【151】
幸子と、目が合ってしまった。
こちらを、警戒している様に見える。
もしかしたら野田と勘違いしたのかもしれないが、僕はいきなりの事で挙動不審になってしまった。
冷静になろうとしても、動揺を隠しきれない。
このままでは疑われると、最悪の事態も覚悟した。
だがその瞬間、幸子の険しい表情が穏やかなものへと変わったのだ。
それは、幸子がいつも僕に見せる優しい親友の母親の顔だった。
「おはよう、洋太。
朝食作ったけど、食べるわよね?
今準備するから、こっちに来て食べなさい。」
「うっ、うん。」
幸子の口調は普段通りだが、やはり疲弊しているのは表情で分かる。
あんな酷い目に遭っては、一睡も出来なかっただろう。
とはいえ、扇情的な姿は相変わらずだ。
僕は立ち上がり、台所へと向かった。
「さぁ、ここに座って。
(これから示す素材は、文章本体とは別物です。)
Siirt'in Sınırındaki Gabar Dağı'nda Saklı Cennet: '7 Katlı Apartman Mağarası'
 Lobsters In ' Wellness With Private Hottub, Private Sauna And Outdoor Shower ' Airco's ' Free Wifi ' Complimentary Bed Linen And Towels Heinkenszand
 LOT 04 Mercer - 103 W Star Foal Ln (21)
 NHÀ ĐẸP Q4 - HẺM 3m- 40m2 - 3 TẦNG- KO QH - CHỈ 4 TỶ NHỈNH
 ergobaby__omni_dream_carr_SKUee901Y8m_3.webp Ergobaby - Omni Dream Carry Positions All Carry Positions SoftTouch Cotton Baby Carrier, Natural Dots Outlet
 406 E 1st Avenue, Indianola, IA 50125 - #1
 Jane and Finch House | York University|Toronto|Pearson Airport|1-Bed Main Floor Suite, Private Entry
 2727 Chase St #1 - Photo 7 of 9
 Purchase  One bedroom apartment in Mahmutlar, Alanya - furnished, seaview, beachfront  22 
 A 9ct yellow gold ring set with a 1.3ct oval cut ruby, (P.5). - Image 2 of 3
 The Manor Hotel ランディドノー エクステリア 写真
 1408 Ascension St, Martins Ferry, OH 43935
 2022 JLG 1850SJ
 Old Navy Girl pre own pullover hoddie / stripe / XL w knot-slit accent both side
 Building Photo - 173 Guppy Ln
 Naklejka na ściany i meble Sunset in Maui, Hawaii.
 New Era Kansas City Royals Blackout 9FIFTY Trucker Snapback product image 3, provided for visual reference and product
」
台所のテーブルへ誘導する幸子。
ついさっきまで犯されていたのに、気丈に振る舞っている。
そう思うと、どうしても幸子を直視できなかった。
「・・・さっ、先にトイレに行ってくる・・・。」
いざ幸子と2人きりの空間になると、耐えられそうにない。
とりあえず、気持ちを落ち着ける為にトイレに逃げるのは正解だろう。
トイレがある洗面所に入り、僕は深呼吸した。
何食わぬ顔で、やり過ごそう。
数分間、瞑想の様な時間が流れた。
(大丈夫、幸子は只の親友の母親だ。)
そう自分に言い聞かせ、洗面所を出ようとした。
しかし、その前に僕の鼻は特異な香りを嗅ぎ取った。
これは、石鹸の香りだ。
洗面所内に、石鹸の香りが充満しているではないか。
恐らく、幸子が身体中にこびりついた汚濁液を洗い流す際に浴室で使用した石鹸類だろう。
これだけ香りが残っているという事は、思った通り幸子は解放されてからまだ時間が経っていない様だ。
更に、僕は連鎖的にあるものを思い出した。
本能のまま、洗面所内を歩いて進む。
そして、到着するなり躊躇なく蓋を開けた。
僕が立ち止まったのは、洗濯機の前だ。
目当ては、幸子の下着である。
幸子が下着を穿き替えているなら、洗濯機に入れるはずと読んだのだ。
もちろん、予想的中だった。
シルク生地の白いブラジャーと、白のコットン生地で濃紺の花柄模様が彩られたパンティー。
僕が、精液をぶちまけた幸子の下着だ。